Decision whether to use one or the other is made during the Plan Phase.
Ideally, Sweep + Compaction would result in best memory utilization.
SOH may ue Sweep or Compacting, GC has various heuristics to decide which one to use in a given case. We might also manually force either one of them.
LOH uses Sweep by default, but it will also Compact when memory is low. Manually, both can be invoked. POH uses only Sweep, since, by design, Compaction would invalidate pointers to POH objects.
Algorithm
Collection is triggered on a gen generation. When generation n GC is invoked, generation n, and all generations below will be collected.

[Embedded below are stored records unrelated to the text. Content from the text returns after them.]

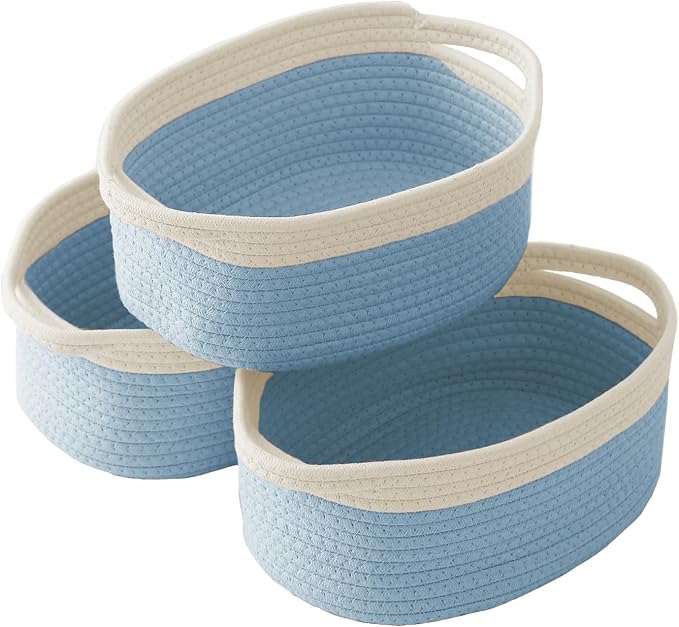 Woven Basket, Small Rope Storage Bin by JMvicyroam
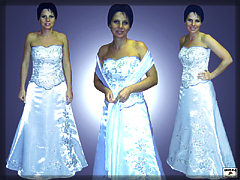 Ladies' wedding dresses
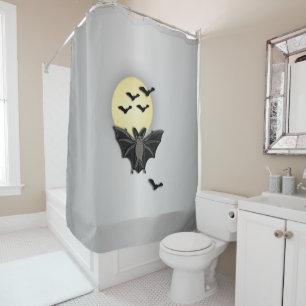 Rideaux De Douche Bat d'Halloween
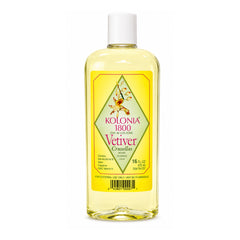 Vetiver Eau De Cologne / Kolonia 1800 / 16 oz / Mental Relaxation, Calmness, Chakra Alignment / Add to a bath ritual to achieve deep relaxation and spiritual balance.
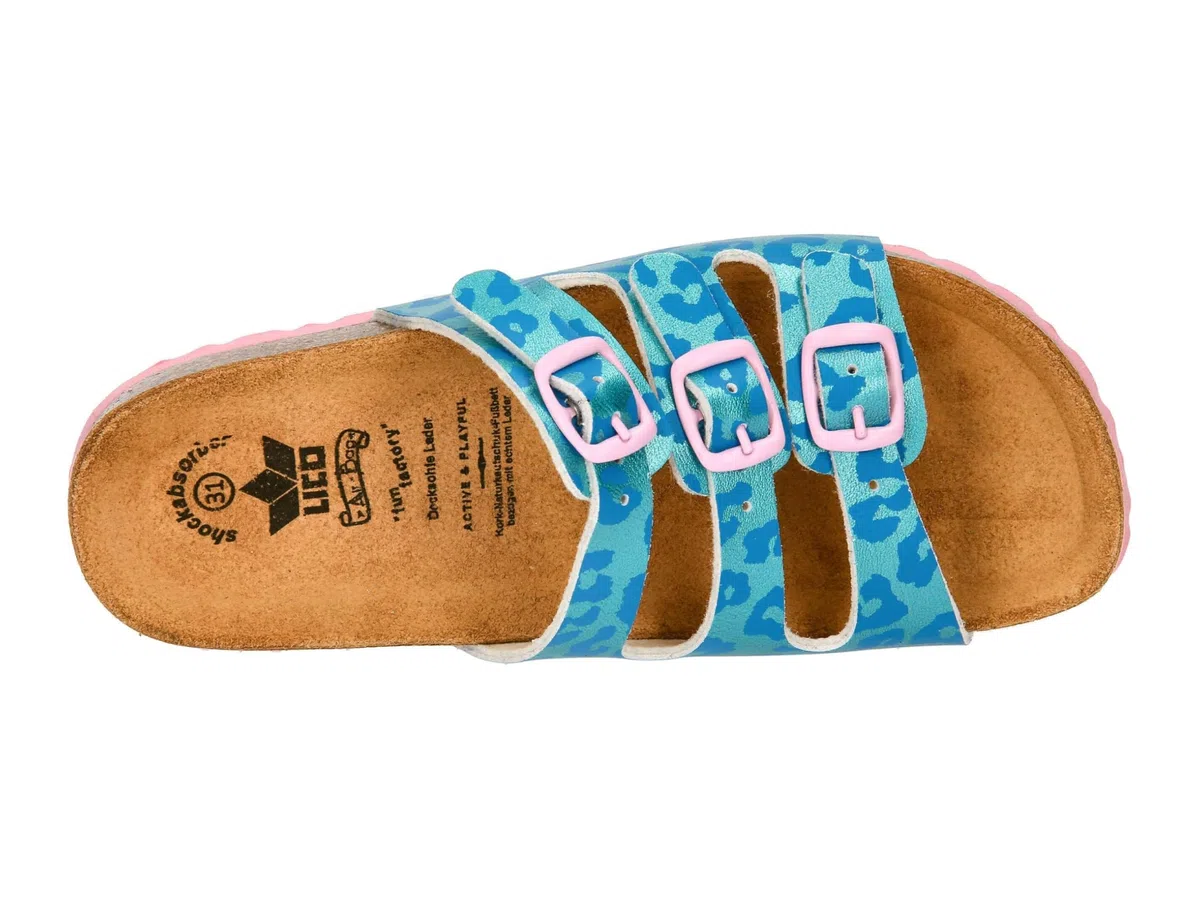 Lico Bioline Kids, Ciabatte Bambine e ragazze, Turchese Rosa, 30 EU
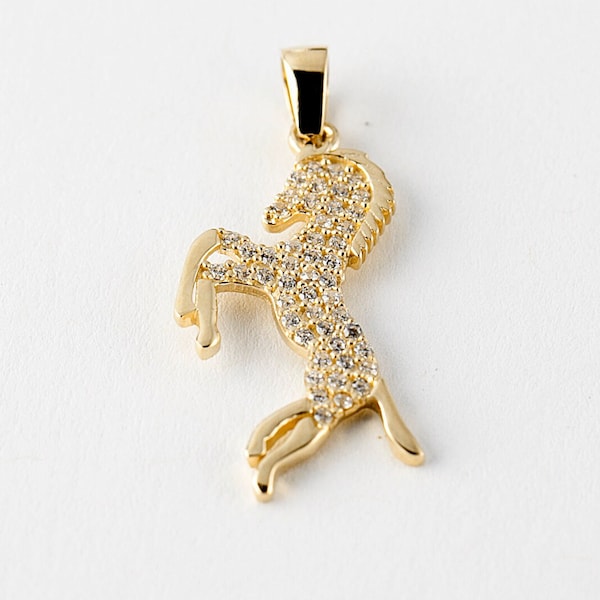 Gold Horse Charm Etsy
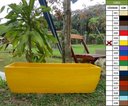 Ver imagem 5 de Kit 3 Vaso Planta 100x30 Jardineira Floreira Polietileno BGPLASTICOS AMARELO GIRASSOL 007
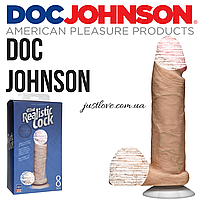 Doc Johnson The Realistic Cock 8 inch White Ultraskyn + Vack-U-Lock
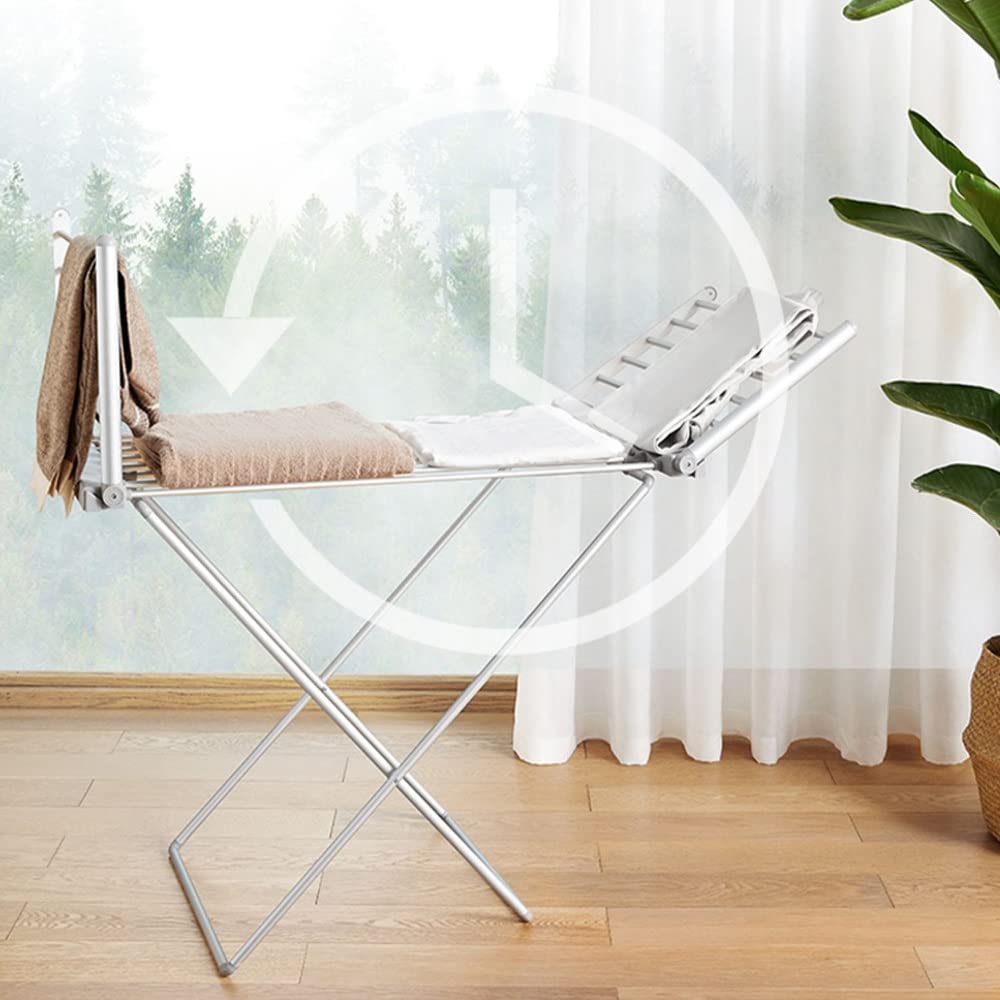 Buy GSKD 20 Bars Winged Electric Heated Clothes Airer Dryer, Portable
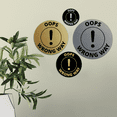 thumbnail image 3 of Signs ByLITA Circle Oops, Wrong Way Sign (Black) - Medium, 3 of 7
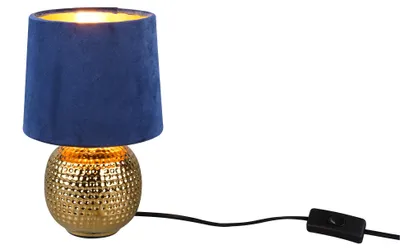 Immagine prodotto di Lampada da tavolo SOPHIA oro-blu scuro 1xE14x40W in tessuto, dimensioni: 26x16x16 cm, IP20, RL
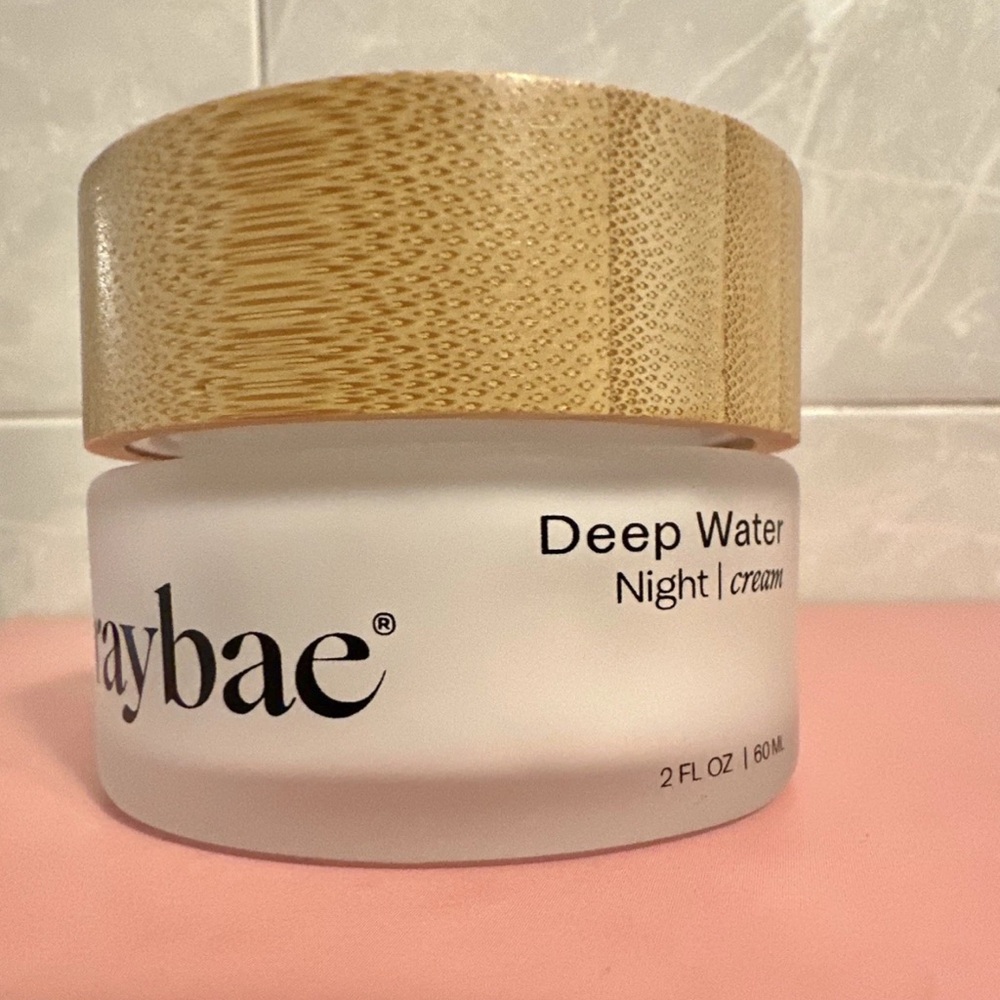 Luxury Raybae Deep Water Night Cream 2 oz - New in Box! SOLD OUT IN MANY STORES - Picture 4 of 9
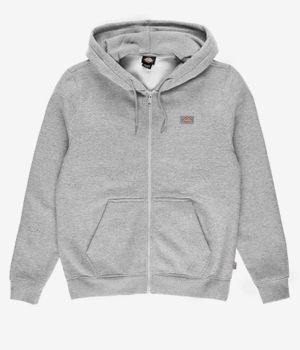 Dickies Oakport Zip-Sweatshirt avec capuchon (heather grey)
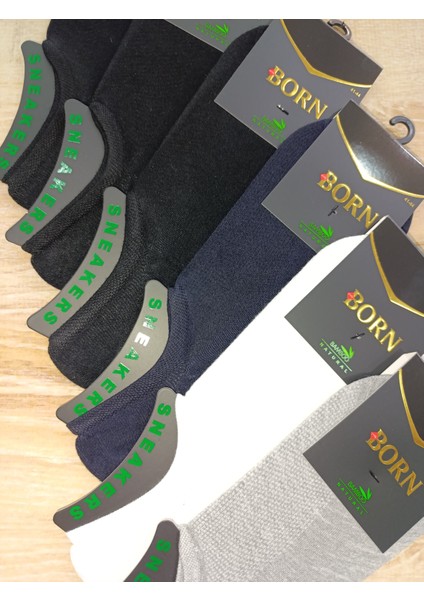 Sneakers Bambo Naturel Yazlık Lüx Ince Çorap 6 Çift fiyatları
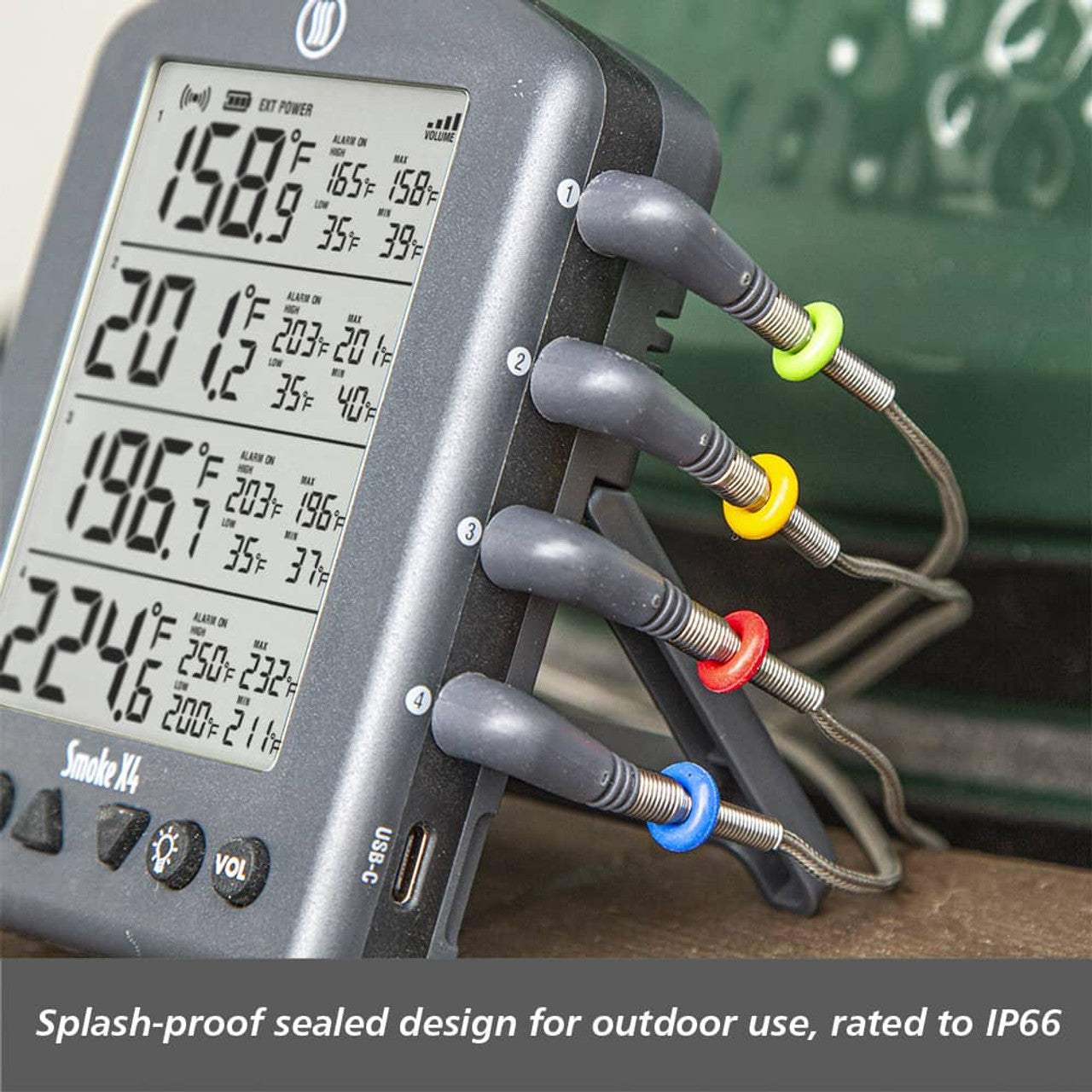 ThermoWorks Smoke X4 Remote BBQ Alarm Thermometer - Thumbnail 2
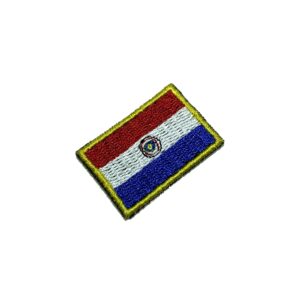 BP0047T31 Bandeira Paraguai Patch Bordado Termo Adesivo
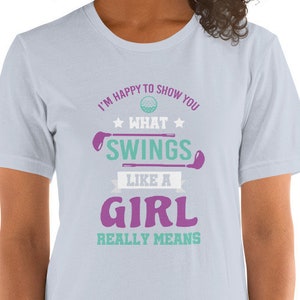 Hits Like A Girl Women's Golf T-Shirt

GC first marks reachable objects, then it decides wheteher it will use Sweep or Compaction.
After collection of gen 0, it will be empty, since objects will either get removed or promoted to higher generation.
Higher generations get scanned using Card Tables to find references to lower generations.
Regions
With Regions layout, each generation as its own “region” of memory. To promote some generation fully, a given region just becomes a higher generation region. A new region then needs to be created for the collected generation. That’s Sweep though, for Compaction, objects might be moved around, and a given region might stay in the same generation.
Segments
When Segments are used, the simple act of moving the bumper pointer promotes a given set of objects to higher gen. Some objects might also be moved to fill holes in higer generation (that would happen only during Compaciton though).